It really feels like the 100% Hispanic and 100% black schools in Chicago are creating generations of people who, like Joaquin, seem like they are also destined to not fit in with age peers who were mainstreamed. If I was a bogomilsky, I would see hidden racism in that: by separating these kids and constantly reinforcing what makes them different, educators are ensuring these kids grow up to be adults who never get any of the jokes, who have a hard time joining their age peers in friendships at work, have difficulty using those friendships to network and get ahead, and are doomed to be socially awkward and separate for their whole lives. I’ve personally set up more opportunities for Joaquin to network than I can count, and he rarely shows up for any of them, but if he does he just stands there alone or sometimes gravitates towards other Spanish-speakers in the room, where they all speak in Spanish together, and miss the point of networking to make new professional contacts. ”I don’t have anything to say to the other people because I don’t know what they are talking about,” is what Joaquin usually says when I tell him he missed the chance to meet the president of this or that group or business, because he was talking to other people he already knew from back in Texas.
Joaquin hates his job working in a medical office that deals exclusively with Hispanic patients in a Hispanic part of town, but doesn’t take any steps towards a different career because he’s uncomfortable anywhere that’s not segregated along the racial and cultural lines that have always been emphasized for him his whole life.

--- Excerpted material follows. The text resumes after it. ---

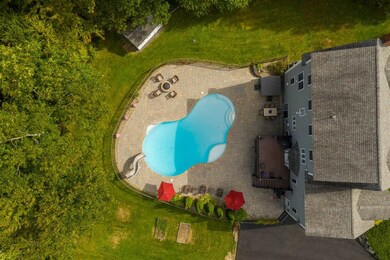 21 Hickory Pond Ln, Stratham, NH 03885 - photo 3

I just imagine this happening to so many more Joaquins in the future, even if the school they are in now is beautiful and the teachers are as wonderful as the ones at the schools I toured this week. I just don’t see any good that comes from constantly emphasizing separateness and not giving these kids the chance to share the same experiences and knowledge as their mainstream peers. If the majority of students learn history one way in school, but black and Hispanic kids are taught a history for victimhood every day, doesn’t anyone else see there’s going to be conflict guaranteed in the future since not only will blacks and Hispanics butt heads with white peers over this learned victimhood, but they will also resent each other too — as blacks taught they were the main victims will have to compete for that martyrdom with the Hispanic kids who were taught THEY were the real victims, and kids who went through 13 years or more of this race-based victimhood indoctrination will not only be unable to relate to the mainstreamed kids at large, but will also resent the other racially segregated subgroups out there.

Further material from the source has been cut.